Il suo obiettivo non è affatto semplice: smuovere le acque e verificare se ci sono margini per la formazione di una maggioranza in Parlamento in grado di esprimere un nuovo esecutivo. Non si tratta quindi di un incarico di governo, ma di un escamotage che consente de facto di continuare le consultazioni. I tempi concessi sono strettissimi: Casellati ha tempo fino a venerdì, poi dovrà riferire al Capo dello Stato.
A quarantaquattro giorni dal voto del 4 marzo, che ha sancito un deciso “cambio di passo” nel panorama politico nazionale con il trionfo dei due principali partiti d’opposizione (Lega e Movimento 5 stelle) la pazienza dell’elettorato affamato di cambiamento si sta esaurendo, e Mattarella lo sa. Un’ulteriore accelerazione è giunta dall’incandescente crisi siriana, su cui il governo Gentiloni ha riferito ieri alla Camere.
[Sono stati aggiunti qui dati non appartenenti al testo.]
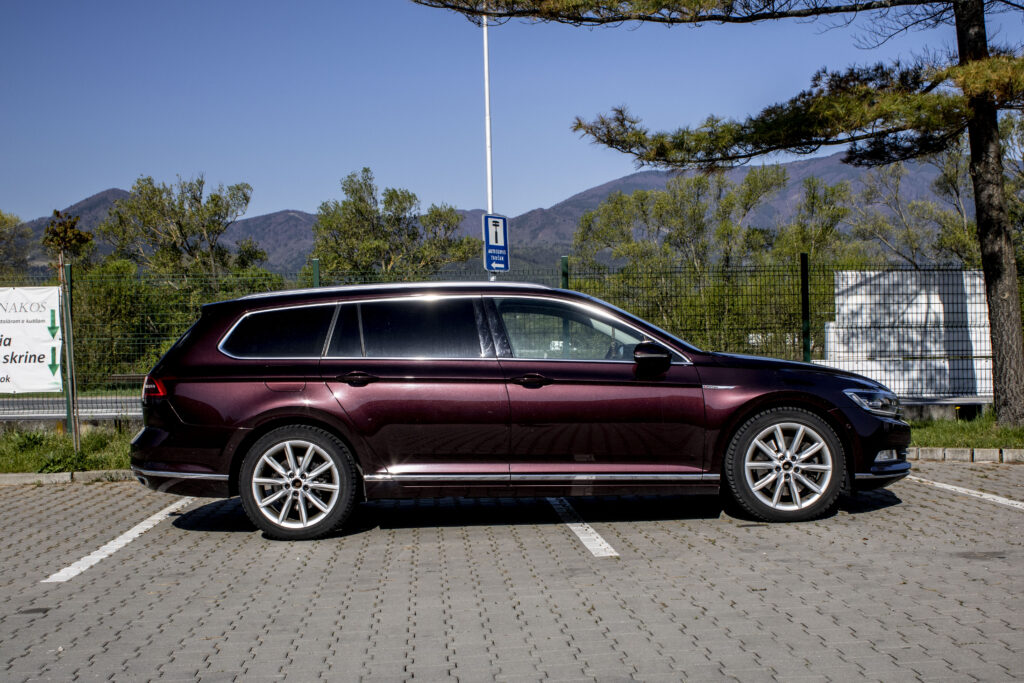 Volkswagen Passat Variant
Insomma, in questa fase tutti guardano con fiducia alla saggezza del Capo dello Stato. Soprattutto i partiti, che ora devono sbrigarsi a concludere eventuali trattative in corso. Il nome della Casellati circolava insistentemente da ieri, eppure il segnale che qualcosa stava per muoversi, il presidente della Repubblica l’aveva già dato durante il secondo giro di consultazioni, con un messaggio sottile e discreto (come nella tradizione del Quirinale). A differenza della prima convocazione, l'”ordine di salita” al Colle era cambiato: a essere chiamati per ultimi, dopo le delegazioni dei partiti, erano stati i presidenti di Camera e Senato, oltre al presidente emerito Giorgio Napolitano.
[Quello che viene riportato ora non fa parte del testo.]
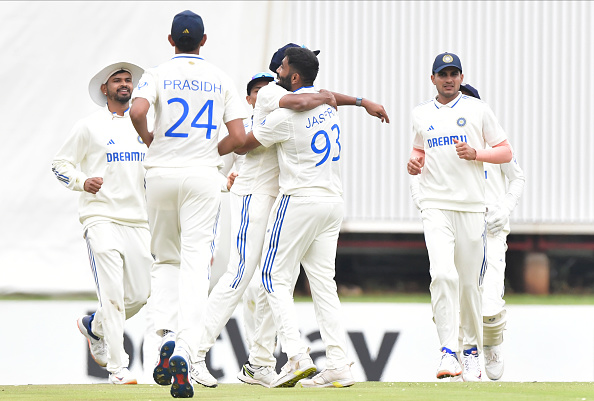 Indian cricket team | Getty Images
Un messaggio chiarissimo: in assenza di una maggioranza politica, il Quirinale era pronto a uscire allo scoperto, chiamando in causa proprio una carica istituzionale.
E così è avvenuto. Il metodo del “mandato esplorativo”, figlio di una stagione politica ormai lontana, è ritornato in auge oggi più che mai date le incredibili somiglianze tra il sistema elettorale proporzionale della prima repubblica e quello nel quale siamo di recente ripiombati.
Da Giovanni Leone a Nilde Iotti, nel corso della storia gli esploratori non hanno quasi mai centrato l’obiettivo “ufficiale” e non è dunque detto che Casellati riesca a mettere a segno la sua missione aprendo in quarantotto ore nuovi scenari. La sua ambasciata è però una mossa saggia per mettere i partiti alle strette.
Sul fronte politico, negli ultimi giorni il rapporto privilegiato tra Matteo Salvini e Luigi Di Maio sembra essersi incrinato: il leader Cinque Stelle ha infatti rifiutato qualsiasi intesa con Silvio Berlusconi, tentando senza successo di spaccare la fragile coalizione di centro-destra e di portare il capo della Lega dalla sua parte. Non sappiamo se il veto su Forza Italia è destinato a cadere, ma per ora i pentastellati non possono permettersi di fare marcia indietro per non sfigurare di fronte allo zoccolo duro del proprio elettorato, ferocemente antiberlusconiano.
Parallelamente, in queste ore Di Maio pare aver fatto un piccolo passo avanti nel dialogo con il Partito Democratico, trovando per la prima volta timide aperture da parte di Maurizio Martina su alcuni punti programmatici, primo fra tutti il “reddito di inclusione”. Si tratta solo di un diversivo o dell’indice di una possibile intesa? È ancora troppo presto per dirlo.
Di sicuro, nei prossimi giorni i partiti dovranno smussare le loro posizioni, e in tale contesto persino la candidatura alla premiership di Di Maio (uno dei punti su cui fino a ora i pentastellati non sono disposti a transigere) è probabilmente destinata prima o poi a cadere.
Se la “mission impossible” della presidente del Senato dovesse fallire e rimanessimo in una posizione di stallo, infine, la palla passerebbe di nuovo a Mattarella, che potrebbe fare un ultimo appello ai partiti o mettere già sul piatto una figura terza su cui far convergere le forze politiche. Appena quarantotto ore, e vedremo di nuovo in azione il Quirinale.